What to work on. Make an exact copy of the records, omitting all images.

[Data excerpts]
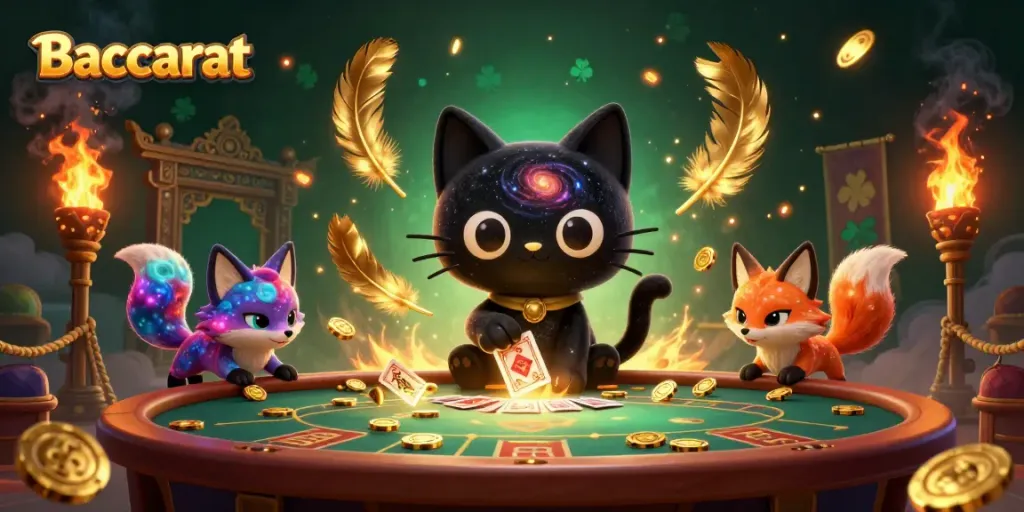 Baccarat game scene with a cosmic cat and fox, featuring swirling galaxy and golden chips.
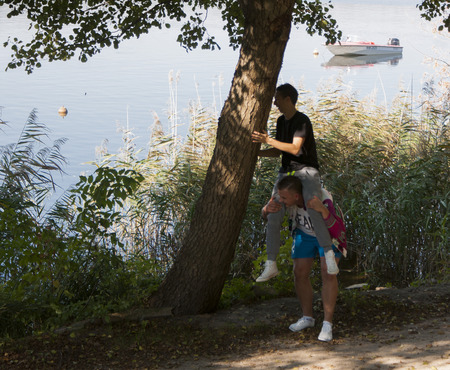WAGRAWIEC, POLAND - JUNE 21, 2014: Polish Disco band Jurad working during shooting music video clipのeditorial素材
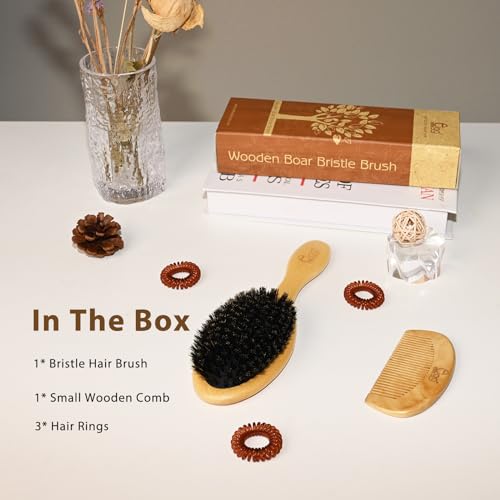 Black Egg Boar Bristle Hair Brush For Women Men Kid, Soft Natural Bristles Brush For Thin And Fine Hair, Restore Shine And Texture, Set Includes Bamboo Comb And 3 Hair Ties thumb #3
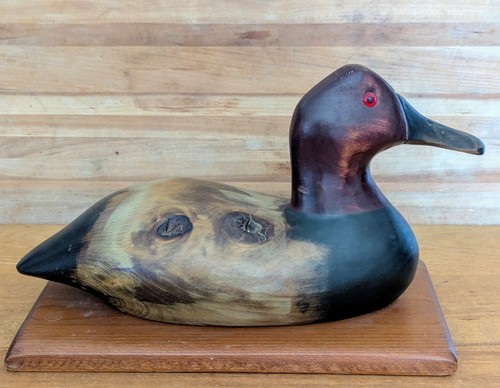 Signed Ron Fisher '80 Canvasback Duck Decoy Engraved/Personalized Box Glass Eyes - Picture 7 of 24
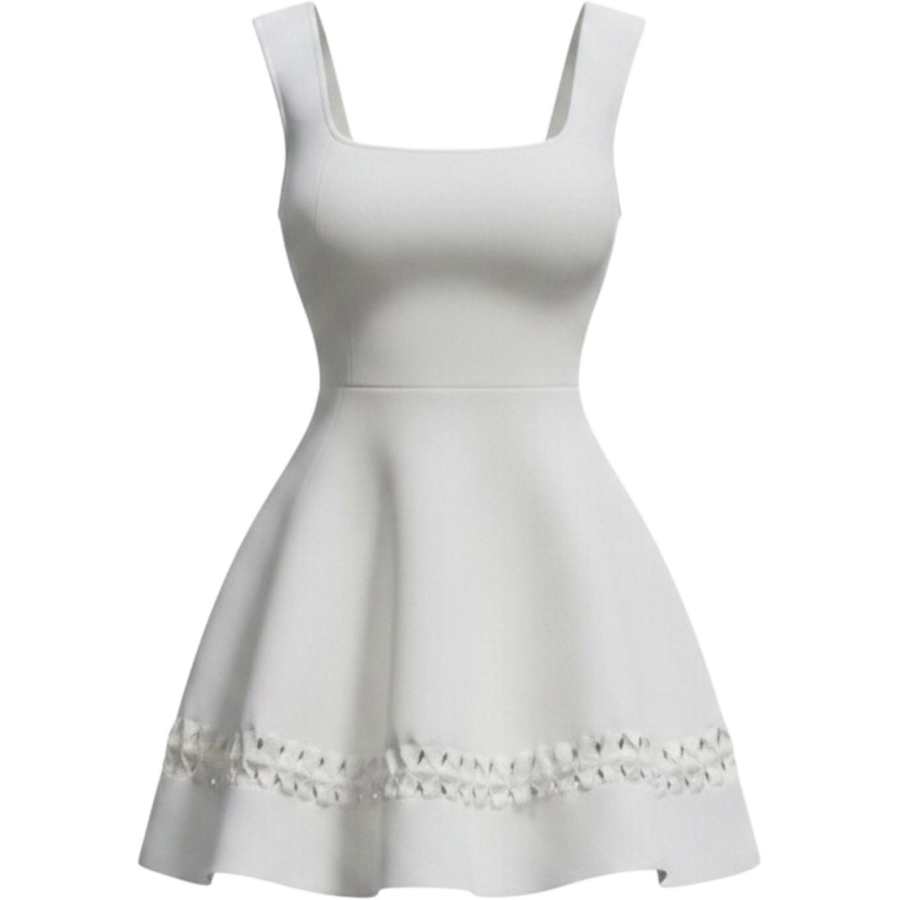 CHARM GLOW Sleeveless Dresses Women's White Camisole Moderate Short Skirt A Line Skirt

Reply.
 Baccarat game scene with a cosmic cat and fox, featuring swirling galaxy and golden chips.
WAGRAWIEC, POLAND - JUNE 21, 2014: Polish Disco band Jurad working during shooting music video clipのeditorial素材
 Black Egg Boar Bristle Hair Brush For Women Men Kid, Soft Natural Bristles Brush For Thin And Fine Hair, Restore Shine And Texture, Set Includes Bamboo Comb And 3 Hair Ties thumb #3
 Signed Ron Fisher '80 Canvasback Duck Decoy Engraved/Personalized Box Glass Eyes - Picture 7 of 24
 CHARM GLOW Sleeveless Dresses Women's White Camisole Moderate Short Skirt A Line Skirt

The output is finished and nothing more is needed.